Mais bien que le fond de cet aristocratisme socialiste ne se soit montré que trente ans plus tard, l’analyse qu’en fait ici le Manifeste est d’une exactitude prophétique. D’avance c’est le portrait de Bismarck qui est ici esquissé : c’est que la classe de ces hobereaux violents et dévots est connue de Marx et d’Engels à merveille. Ainsi, Bismarck, en 1847, prononçait des discours qui atteignaient au cœur l’industrialisme, parlait de « raser du sol les grandes villes », réclamait le retour aux corporations. En son privé cependant, il pratiquait comme un autre l’« âpre trafic des betteraves, de l’eau-de-vie », du papier. Il ne lui manquait, pour achever son socialisme féodal, que de « s’associer aux pires mesures de violence contre la classe ouvrière » (§ 57). Ce temps devait venir, quand il fut le maître.

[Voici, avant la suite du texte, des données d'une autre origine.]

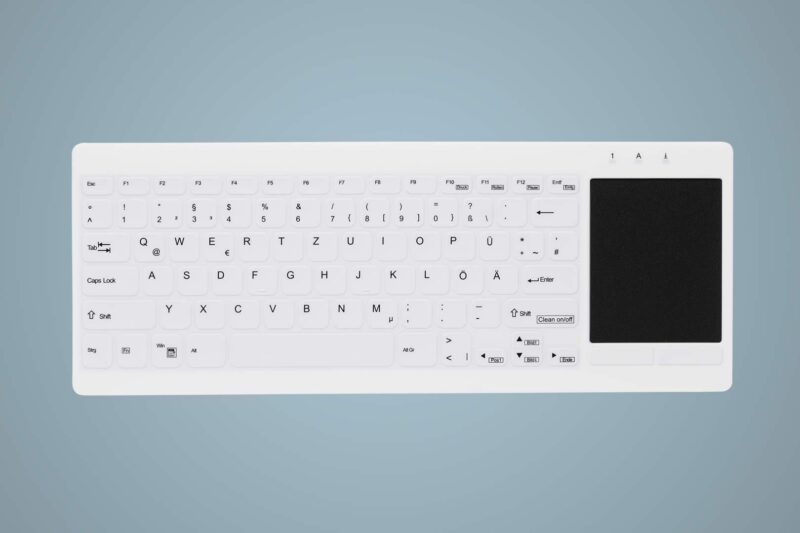 Ergonomiskt och hygieniskt tangentbord med inbyggd touchpad. Active Key.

Le Manifeste cependant ne désigne pas nominativement ce féodalisme allemand. Il ne se gausse expressément que « de quelques légitimistes français et de la jeune Angleterre » (§ 56). À coup sûr, ils ne prêtent pas à rire à un égal degré. Le mouvement a eu ses grotesques ; le duc de Valentinois fut risible avec son projet d’extirper la mendicité dans les villages. Mais, de Morogues, Huerne de Pommeuse,

  1. Mehring. Geschichte der deutschen Sozial-democratie, I, p. 196, 250, et l’appendice au Manifeste, p. 93.